Text-to-Speech Updates

Neural Voice Synthesis

class SpeechSynthesizer:
    def __init__(self):
        self.speech_config = speechsdk.SpeechConfig(
            subscription=os.getenv("AZURE_SPEECH_KEY"),
            region=os.getenv("AZURE_SPEECH_REGION")
        )

    def list_voices(self, locale: str = None) -> list:
        """List available neural voices"""
        synthesizer = speechsdk.SpeechSynthesizer(
            speech_config=self.speech_config,
            audio_config=None
        )

        result = synthesizer.get_voices_async(locale).get()

        voices = []
        for voice in result.voices:
            voices.append({
                "name": voice.short_name,
                "display_name": voice.local_name,
                "locale": voice.locale,
                "gender": voice.gender.name,
                "voice_type": voice.voice_type.name,
                "styles": voice.style_list
            })

        return voices

    def synthesize_to_speaker(self, text: str, voice: str = "en-US-JennyNeural"):
        """Synthesize speech and play through speaker"""
        self.speech_config.speech_synthesis_voice_name = voice

        audio_config = speechsdk.AudioConfig(use_default_speaker=True)
        synthesizer = speechsdk.SpeechSynthesizer(
            speech_config=self.speech_config,
            audio_config=audio_config
        )

        result = synthesizer.speak_text_async(text).get()
        return result.reason == speechsdk.ResultReason.SynthesizingAudioCompleted

    def synthesize_to_file(
        self,
        text: str,
        output_file: str,
        voice: str = "en-US-JennyNeural",
        format: str = "wav"
    ) -> bool:
        """Synthesize speech to audio file"""
        self.speech_config.speech_synthesis_voice_name = voice

        # Set output format
        if format == "mp3":
            self.speech_config.set_speech_synthesis_output_format(
                speechsdk.SpeechSynthesisOutputFormat.Audio16Khz32KBitRateMonoMp3
            )
        elif format == "wav":
            self.speech_config.set_speech_synthesis_output_format(
                speechsdk.SpeechSynthesisOutputFormat.Riff24Khz16BitMonoPcm
            )

        audio_config = speechsdk.AudioConfig(filename=output_file)
        synthesizer = speechsdk.SpeechSynthesizer(
            speech_config=self.speech_config,
            audio_config=audio_config
        )

        result = synthesizer.speak_text_async(text).get()
        return result.reason == speechsdk.ResultReason.SynthesizingAudioCompleted

    def synthesize_with_ssml(self, ssml: str, output_file: str = None):
        """Synthesize using SSML for advanced control"""
        if output_file:
            audio_config = speechsdk.AudioConfig(filename=output_file)
        else:
            audio_config = speechsdk.AudioConfig(use_default_speaker=True)

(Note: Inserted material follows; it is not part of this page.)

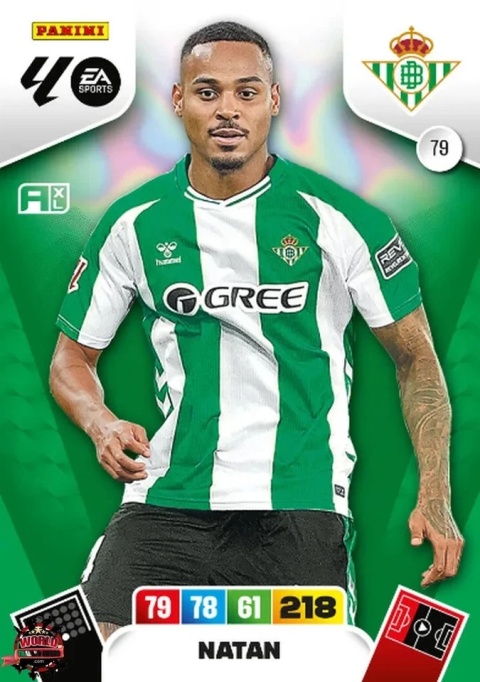 79 Natan Real Betis Base La Liga 2025/26 Panini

        synthesizer = speechsdk.SpeechSynthesizer(
            speech_config=self.speech_config,
            audio_config=audio_config
        )

        result = synthesizer.speak_ssml_async(ssml).get()
        return result.reason == speechsdk.ResultReason.SynthesizingAudioCompleted

# Usage
synth = SpeechSynthesizer()

# List available voices
voices = synth.list_voices("en-US")
for v in voices[:5]:
    print(f"{v['name']}: {v['display_name']} ({v['gender']})")
    if v['styles']:
        print(f"  Styles: {', '.join(v['styles'])}")

# Synthesize with different voices
synth.synthesize_to_file(
    "Welcome to Azure AI Speech services.",
    "welcome.wav",
    voice="en-US-GuyNeural"
)

SSML for Expressive Speech

class SSMLBuilder:
    def __init__(self, voice: str = "en-US-JennyNeural"):
        self.voice = voice
        self.content = []

    def add_text(self, text: str):
        """Add plain text"""
        self.content.append(text)
        return self

    def add_break(self, time: str = "500ms"):
        """Add a pause"""
        self.content.append(f'<break time="{time}"/>')
        return self

    def add_emphasis(self, text: str, level: str = "moderate"):
        """Add emphasized text (reduced, moderate, strong)"""
        self.content.append(f'<emphasis level="{level}">{text}</emphasis>')
        return self

    def add_prosody(
        self,
        text: str,
        rate: str = None,
        pitch: str = None,
        volume: str = None
    ):
        """Add text with prosody control"""
        attrs = []
        if rate:
            attrs.append(f'rate="{rate}"')
        if pitch:
            attrs.append(f'pitch="{pitch}"')
        if volume:
            attrs.append(f'volume="{volume}"')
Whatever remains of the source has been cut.